第180話
ザムズが敵の正体を口にしようとした瞬間、窓から矢が飛び込みザムズの眉間へと真っすぐ飛んでいく。
「ひっ!」
突然のことにザムズが悲鳴をあげるが、その矢は蒼太の手によってその運動を止められたため、目的を果たせずに途中でその役目を終えていた。
「一体誰の仕業だ?」
蒼太は何でもないことのように口にするが、ディーナは窓へと駆け寄り外の様子を探り、アトラは身体を小さくして窓から飛び出すと犯人の捕縛に向かっていた。
「おい、大丈夫か?」
「……はっ、あ、ありがとうございました」
ザムズは自分が狙われたことにしばし放心状態だったが、蒼太に声をかけられ礼の言葉を何とか搾り出した。

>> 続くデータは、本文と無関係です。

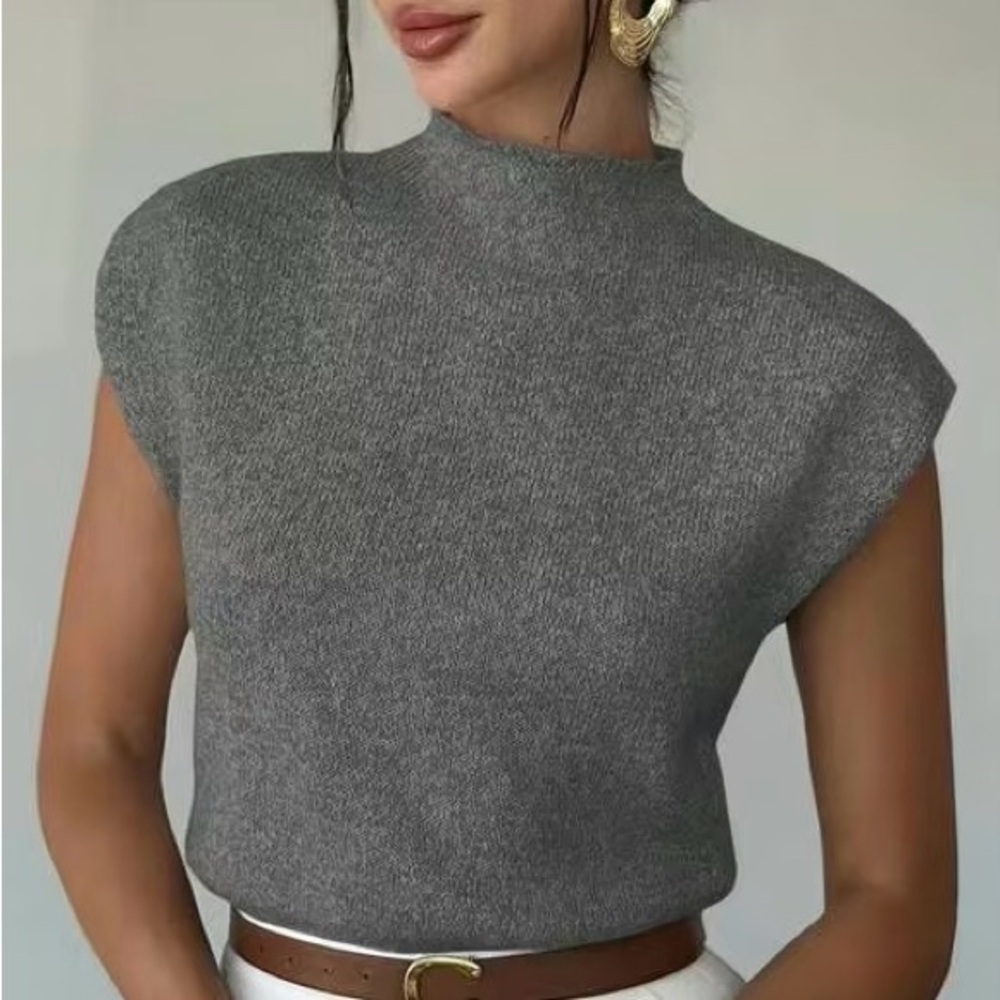 Sleeveless Mock Neck Knit Top - Gray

「気にするな。しかし、よくも白昼堂々と命を狙えたものだな。それに集落に潜り込んでいたことを気づかせないとは……」
蒼太が矢を見ながら呟くと、扉をあける音とともにアトラが犯人を連行してきた。
『こいつが犯人のようだな』
「ま、まさか、なぜそんな……」
アトラが足で踏みつけ、動きを封じているのは小人族の青年だった。
「お前がさっきの犯人か。なぜザムズのことを狙ったんだ?」
蒼太がしゃがみ青年に尋ねたが、青年は首を横に向けて黙秘をする。
「か、彼が犯人じゃとは……な、何かの間違いじゃないですかのう?」
ザムズは動揺しながらアトラへ縋るような視線を送るが、アトラは首を横に振る。
『こいつが弓を持っていたのも、ここから逃げ去るのも確認している』
アトラの断じる言葉にザムズの顔を青ざめていた。ザムズの夫人も何事かと駆けつけるが、青年の顔を見て驚いていた。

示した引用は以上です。